[Items from a dataset]

==============================

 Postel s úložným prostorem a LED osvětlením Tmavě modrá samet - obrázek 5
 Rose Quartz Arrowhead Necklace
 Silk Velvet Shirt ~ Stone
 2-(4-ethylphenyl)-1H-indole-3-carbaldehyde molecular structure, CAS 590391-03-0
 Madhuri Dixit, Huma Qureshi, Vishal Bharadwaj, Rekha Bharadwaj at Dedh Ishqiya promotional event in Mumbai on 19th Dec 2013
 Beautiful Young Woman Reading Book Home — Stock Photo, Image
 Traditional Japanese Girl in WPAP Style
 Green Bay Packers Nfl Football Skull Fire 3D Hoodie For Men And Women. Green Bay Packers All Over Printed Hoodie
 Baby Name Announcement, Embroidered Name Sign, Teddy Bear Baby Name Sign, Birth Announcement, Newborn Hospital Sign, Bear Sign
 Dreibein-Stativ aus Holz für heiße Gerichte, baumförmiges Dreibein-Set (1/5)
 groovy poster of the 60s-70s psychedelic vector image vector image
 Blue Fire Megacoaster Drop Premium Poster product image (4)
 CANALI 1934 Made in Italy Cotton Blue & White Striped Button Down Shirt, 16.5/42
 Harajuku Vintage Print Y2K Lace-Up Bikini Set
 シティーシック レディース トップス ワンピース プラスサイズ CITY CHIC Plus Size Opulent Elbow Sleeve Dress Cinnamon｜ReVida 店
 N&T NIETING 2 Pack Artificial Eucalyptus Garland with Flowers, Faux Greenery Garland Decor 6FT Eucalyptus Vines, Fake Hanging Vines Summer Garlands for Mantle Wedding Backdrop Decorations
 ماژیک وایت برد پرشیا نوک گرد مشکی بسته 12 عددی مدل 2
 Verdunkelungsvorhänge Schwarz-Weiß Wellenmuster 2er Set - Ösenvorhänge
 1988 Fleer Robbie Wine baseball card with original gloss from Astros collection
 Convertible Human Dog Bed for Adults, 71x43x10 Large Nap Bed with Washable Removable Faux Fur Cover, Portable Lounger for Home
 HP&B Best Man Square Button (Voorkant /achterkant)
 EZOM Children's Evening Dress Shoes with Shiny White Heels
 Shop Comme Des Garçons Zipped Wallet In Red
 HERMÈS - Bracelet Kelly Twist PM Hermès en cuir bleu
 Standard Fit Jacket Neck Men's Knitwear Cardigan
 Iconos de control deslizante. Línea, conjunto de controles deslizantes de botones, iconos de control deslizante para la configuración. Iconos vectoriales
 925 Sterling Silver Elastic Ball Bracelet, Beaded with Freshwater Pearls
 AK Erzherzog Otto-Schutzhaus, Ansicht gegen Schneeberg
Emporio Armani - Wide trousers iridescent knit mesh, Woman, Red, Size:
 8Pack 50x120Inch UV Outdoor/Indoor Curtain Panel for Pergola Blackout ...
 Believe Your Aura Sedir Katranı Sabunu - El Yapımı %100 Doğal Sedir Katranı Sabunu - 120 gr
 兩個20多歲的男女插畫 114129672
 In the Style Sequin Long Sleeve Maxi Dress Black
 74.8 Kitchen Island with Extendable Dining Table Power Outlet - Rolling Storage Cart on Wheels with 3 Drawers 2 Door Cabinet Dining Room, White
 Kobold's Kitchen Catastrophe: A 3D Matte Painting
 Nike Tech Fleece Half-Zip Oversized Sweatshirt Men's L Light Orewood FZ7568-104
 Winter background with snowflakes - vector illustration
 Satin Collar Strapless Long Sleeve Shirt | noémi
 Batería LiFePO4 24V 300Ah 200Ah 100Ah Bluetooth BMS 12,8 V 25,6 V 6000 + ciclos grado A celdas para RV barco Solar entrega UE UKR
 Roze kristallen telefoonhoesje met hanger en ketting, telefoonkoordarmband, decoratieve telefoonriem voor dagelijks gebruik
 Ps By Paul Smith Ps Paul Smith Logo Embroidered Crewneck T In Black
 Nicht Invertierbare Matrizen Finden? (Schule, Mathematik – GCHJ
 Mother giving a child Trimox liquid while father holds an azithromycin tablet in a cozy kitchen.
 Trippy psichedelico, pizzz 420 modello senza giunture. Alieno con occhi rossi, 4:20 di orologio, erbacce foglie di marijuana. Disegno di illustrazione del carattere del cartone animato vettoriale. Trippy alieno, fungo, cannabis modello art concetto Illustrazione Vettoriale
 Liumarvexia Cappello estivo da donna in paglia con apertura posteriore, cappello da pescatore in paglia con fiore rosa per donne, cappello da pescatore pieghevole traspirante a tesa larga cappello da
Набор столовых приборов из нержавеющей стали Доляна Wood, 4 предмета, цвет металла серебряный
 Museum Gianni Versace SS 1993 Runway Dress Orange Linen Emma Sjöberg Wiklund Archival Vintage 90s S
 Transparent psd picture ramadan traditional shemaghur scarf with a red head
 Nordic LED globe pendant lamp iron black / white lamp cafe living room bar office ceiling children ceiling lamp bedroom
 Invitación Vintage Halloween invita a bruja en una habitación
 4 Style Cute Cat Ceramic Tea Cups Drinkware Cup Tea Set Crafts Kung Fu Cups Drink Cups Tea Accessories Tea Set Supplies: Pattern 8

==============================

• **About this exercise**
Produce only the lines from the line containing "Emporio Armani - Wide" through the line containing "Invitación Vintage Halloween", inclusive of both, exactly as they stand in the entries above.

• **Answer box**
Emporio Armani - Wide trousers iridescent knit mesh, Woman, Red, Size:
 8Pack 50x120Inch UV Outdoor/Indoor Curtain Panel for Pergola Blackout ...
 Believe Your Aura Sedir Katranı Sabunu - El Yapımı %100 Doğal Sedir Katranı Sabunu - 120 gr
 兩個20多歲的男女插畫 114129672
 In the Style Sequin Long Sleeve Maxi Dress Black
 74.8 Kitchen Island with Extendable Dining Table Power Outlet - Rolling Storage Cart on Wheels with 3 Drawers 2 Door Cabinet Dining Room, White
 Kobold's Kitchen Catastrophe: A 3D Matte Painting
 Nike Tech Fleece Half-Zip Oversized Sweatshirt Men's L Light Orewood FZ7568-104
 Winter background with snowflakes - vector illustration
 Satin Collar Strapless Long Sleeve Shirt | noémi
 Batería LiFePO4 24V 300Ah 200Ah 100Ah Bluetooth BMS 12,8 V 25,6 V 6000 + ciclos grado A celdas para RV barco Solar entrega UE UKR
 Roze kristallen telefoonhoesje met hanger en ketting, telefoonkoordarmband, decoratieve telefoonriem voor dagelijks gebruik
 Ps By Paul Smith Ps Paul Smith Logo Embroidered Crewneck T In Black
 Nicht Invertierbare Matrizen Finden? (Schule, Mathematik – GCHJ
 Mother giving a child Trimox liquid while father holds an azithromycin tablet in a cozy kitchen.
 Trippy psichedelico, pizzz 420 modello senza giunture. Alieno con occhi rossi, 4:20 di orologio, erbacce foglie di marijuana. Disegno di illustrazione del carattere del cartone animato vettoriale. Trippy alieno, fungo, cannabis modello art concetto Illustrazione Vettoriale
 Liumarvexia Cappello estivo da donna in paglia con apertura posteriore, cappello da pescatore in paglia con fiore rosa per donne, cappello da pescatore pieghevole traspirante a tesa larga cappello da
Набор столовых приборов из нержавеющей стали Доляна Wood, 4 предмета, цвет металла серебряный
 Museum Gianni Versace SS 1993 Runway Dress Orange Linen Emma Sjöberg Wiklund Archival Vintage 90s S
 Transparent psd picture ramadan traditional shemaghur scarf with a red head
 Nordic LED globe pendant lamp iron black / white lamp cafe living room bar office ceiling children ceiling lamp bedroom
 Invitación Vintage Halloween invita a bruja en una habitación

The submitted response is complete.